I'm posting today to share some excellent news. Yesterday, the Ninth Circuit reversed final approval of a proposed class action settlement in an Unruh Act age discrimination case, holding that the district court "materially underrated the strength of the plaintiff's claims, substantially overstated the settlement's worth, and failed to take the required hard look at indicia of collusion, including a request for attorneys' fees that dwarfed the anticipated monetary payout to the class." Allison v. Tinder, Inc., ___ F.3d ___ (9th Cir. Aug. 17, 2021) (slip op. at 5-6). I represented the objectors in this case, along with my co-counsel, Al Rava of the Rava Law Firm and Danielle Leonard and Michael Rubin of Altshuler Berzon. Congratulations and thanks to all involved in achieving this excellent result.
I am particularly pleased with this outcome because the challenged settlement was formed in a federal district court case filed soon after my victory in the California Court of Appeal in Candelore v. Tinder, Inc., 19 Cal.App.5th 1138 (2018). On behalf of two proposed class members, my co-counsel and I took immediate steps to object to what we considered to be an inadequate settlement, one that in our opinion did not reflect the strength of the claims given the binding holdings in Candelore. The settlement had been negotiated without our knowledge or involvement.
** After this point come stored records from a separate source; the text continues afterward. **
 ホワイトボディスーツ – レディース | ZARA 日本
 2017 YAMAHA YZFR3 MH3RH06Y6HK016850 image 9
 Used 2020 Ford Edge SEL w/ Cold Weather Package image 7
The Ninth Circuit agreed that the settlement should not have been approved. Allison, slip op. at 5. The Ninth Circuit had this to say about Candelore:
In Candelore, as here, the class action plaintiff alleged that Tinder violated the Unruh Act by charging customers over 29 more than it charged younger customers for the same service. Id. at 339. While Tinder initially moved successfully to dismiss the complaint for failure to state a claim, id. at 340, on appeal, Candelore secured a ruling that his allegations did state a claim for age discrimination under the Unruh Act—and that, if his allegations were true, Tinder’s age-based distinction would not be justified by public policy as a matter of law. See id. at 350. In the course of its decision, the Candelore court “recognize[d] ... that past cases,” like Javorsky v. Western Athletic Clubs, Inc., 195 Cal. Rptr. 3d 706 (2015), “have embraced the notion that age may serve as a reasonable proxy for income in upholding age-based discounts against Unruh Act claims.” 228 Cal. Rptr. 3d at 344. But those cases, the court reasoned, are “inconsistent with the ‘individual nature’ of the right secured by the [Unruh] Act, which protects individuals from unequal treatment based on generalizations about ‘a group’ to which they belong.” Id. at 347.
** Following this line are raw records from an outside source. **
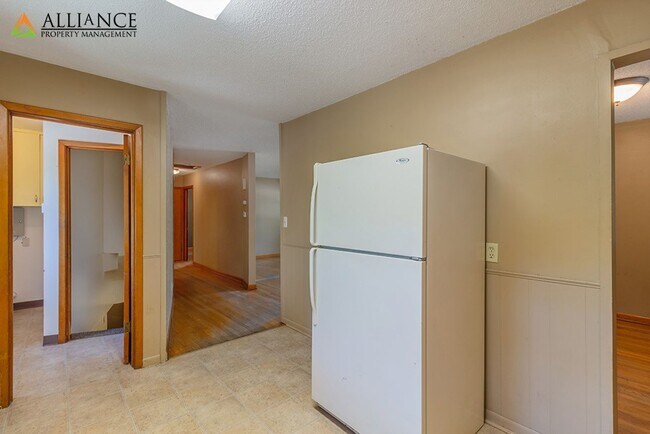 Building Photo - 1526 Jarvis Dr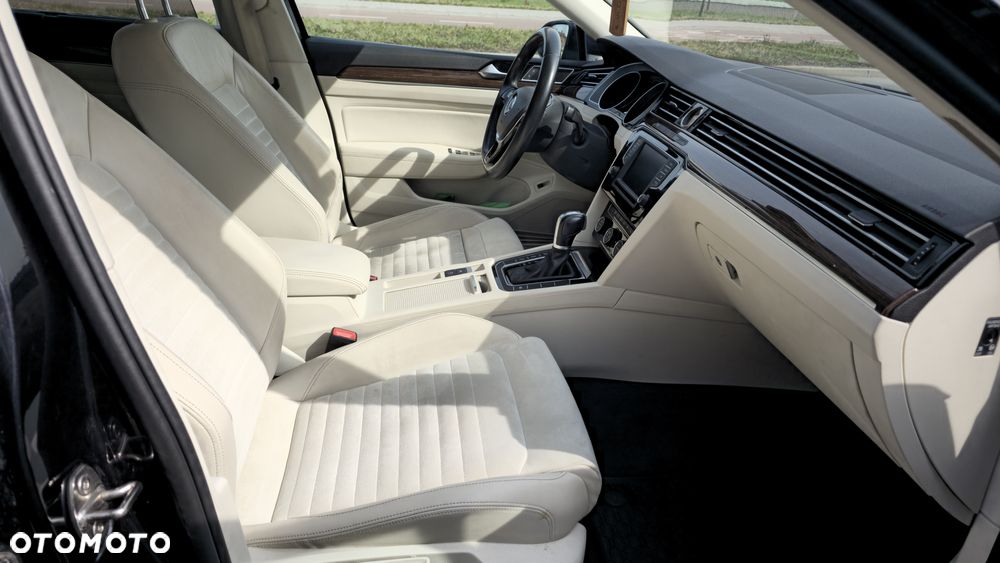 Volkswagen Passat 2.0 TSI BMT Highline DSG - 11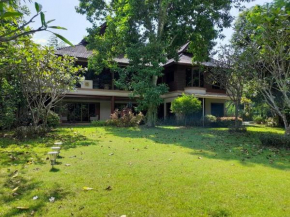 Cozy 5bedrooms villa w/ pool in city of Chiangmai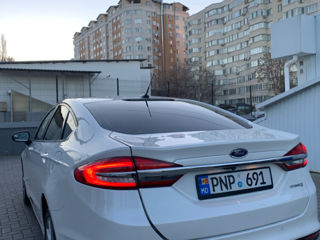 Ford Fusion foto 5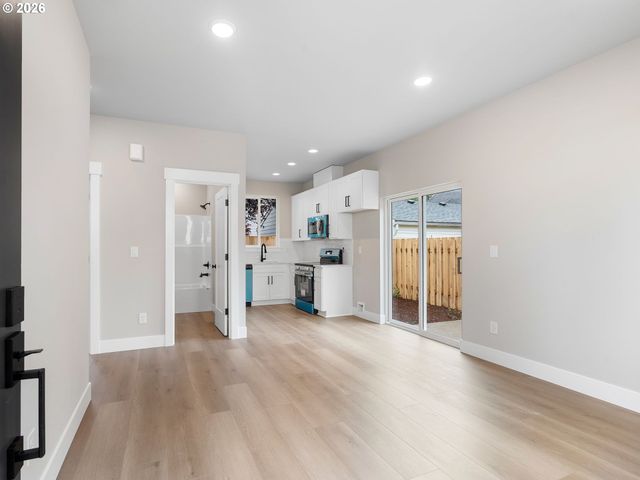 6345 Se 85TH Ave, Portland, OR 97266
Id. at 9-10. In approving the challenged settlement, the district court stated that it believed Javorsky was "'more in line with the weight of authority'" than Candelore--ignoring the fact that Candelore was, and is, binding "law of the case" in the state court action, as well as the fact that the Court of Appeal in Candelore was considering the very same age-based price differential challenged in the later-filed federal action. Id. at 11, 14-15. In the Ninth Circuit's words:
[T]he district court so underrated the strength of the plaintiff’s case, so overstated the settlement value, and so overlooked the suggestions of collusion present as to collectively constitute an abuse of discretion. [¶] First, the district court discounted the strength and value of the class members’ claims because the court “f[ound] the holding of Javorsky to be more compelling and more in line with the weight of authority than the holding in Candelore.” In so doing, the district court ignored the fact that the settlement class members are also putative members of the class in Candelore—and the settlement agreement therefore releases claims where Candelore is the law of the case, regardless of whether the district court finds the opinion persuasive.
Id. at 14-15. In other words, while the district court may not have agreed with the analysis in Candelore, that analysis is nonetheless binding, which means the Unruh Act claims are significantly more valuable than reflected by the challenged settlement. See id. This was just one of numerous problems that the Ninth Circuit identified with the challenged settlement. See id. at 15-17.
Bloomberg News reports that "Tinder's $24 Million Deal to End Age Discrimination Suit Undone."